Missense and LOF variants for which no homozygous individuals for the alternative allele are observed
Further analysis of the annotated variants revealed the presence of 14,469 missense and LOF variants with a significant biological impact based on SIFT predictions and for which no homozygous animal carrying the alternative allele was observed among the 274 WGS (see Additional file 4). These were subsequently considered as our study panel in the rest of this paper.
This study panel contains 772 frameshift variants, 12,008 missense mutations with a deleterious effect predicted by SIFT with a score between 0 and 0.05, 67 start-lost variants, 583 stop variants (25 stop-lost and 558 stop-gained) and 1039 splice variants (264 splice-acceptor and 775 splice-donor variants).
The genotype distribution of our study panel revealed that seven frameshift variants were breed-specific (Table 4). Integrated Genome Viewer (IGV) visualization and inspections of BAM files for animals carrying these mutations revealed that four of the seven frameshift mutations were spurious variant calls (results not shown). The three remaining frameshift variants could be visualized and confirmed by IGV and were therefore considered as true variants. First, a five nucleotide insertion (-/CACGT) at position 66,552,044 on BTA1 was identified in two Blonde d’Aquitaine animals. This frameshift mutation was absent in both the Ensembl database and in the most recent 1000 bull genomes project dataset which contains small genomic variations for 1577 animals corresponding to 48 different breeds (Daetwyler HD, personal communication). This mutation affects the sequences of A-family polymerase theta (POLQ) gene by producing a frameshift insertion between amino acids number 2728 and 2729 just before the termination site. It induces a frameshift in the open reading frame which results in the addition of ten new amino acids followed by a new downstream termination site.
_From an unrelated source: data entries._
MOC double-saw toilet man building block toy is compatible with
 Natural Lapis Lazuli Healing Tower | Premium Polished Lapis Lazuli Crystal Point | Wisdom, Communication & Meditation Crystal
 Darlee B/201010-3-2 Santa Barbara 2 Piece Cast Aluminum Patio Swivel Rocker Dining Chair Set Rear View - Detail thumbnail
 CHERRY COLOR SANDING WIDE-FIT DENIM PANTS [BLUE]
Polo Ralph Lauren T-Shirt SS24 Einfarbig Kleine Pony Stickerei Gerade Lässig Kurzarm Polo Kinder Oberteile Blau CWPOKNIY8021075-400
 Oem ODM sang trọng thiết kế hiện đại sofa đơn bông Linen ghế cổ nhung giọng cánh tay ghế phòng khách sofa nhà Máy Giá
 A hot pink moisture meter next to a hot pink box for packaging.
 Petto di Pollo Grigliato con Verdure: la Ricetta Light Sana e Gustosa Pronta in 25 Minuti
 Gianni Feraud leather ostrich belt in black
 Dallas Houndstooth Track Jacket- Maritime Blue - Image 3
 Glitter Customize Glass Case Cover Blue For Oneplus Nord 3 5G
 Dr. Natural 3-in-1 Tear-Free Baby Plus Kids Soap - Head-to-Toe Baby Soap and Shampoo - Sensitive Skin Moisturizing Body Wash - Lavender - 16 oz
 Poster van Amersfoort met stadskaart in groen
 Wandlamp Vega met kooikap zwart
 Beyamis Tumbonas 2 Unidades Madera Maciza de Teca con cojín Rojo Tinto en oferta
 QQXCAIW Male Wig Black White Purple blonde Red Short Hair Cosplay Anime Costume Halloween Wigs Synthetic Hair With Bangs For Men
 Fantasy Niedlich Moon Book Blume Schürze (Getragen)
The POLQ gene has been identified in several other species and was reported to play a major role in the DNA repair mechanism of double strand breaks (DSB) by alternative end-joining (alt-EJ; also called alternative non homologous end-joining (alt-NHEJ) or microhomology-mediated end joining)) [29–33]. Unlike the classical non homologous end-joining (c-NHEJ) mechanism, alt-EJ depends on resection of DNA ends to find microhomologies, which results in larger deletions and insertions [34, 35]. Inhibition of POLQ functions in mice were reported to be associated with chromosome instability phenotypes . In mammalian cells, POLQ promotes the formation of chromosomal translocations and is essential for survival when the homology-directed repair (HDR) mechanism is impaired , which suggests that this mutation may cause embryonic lethality in cattle.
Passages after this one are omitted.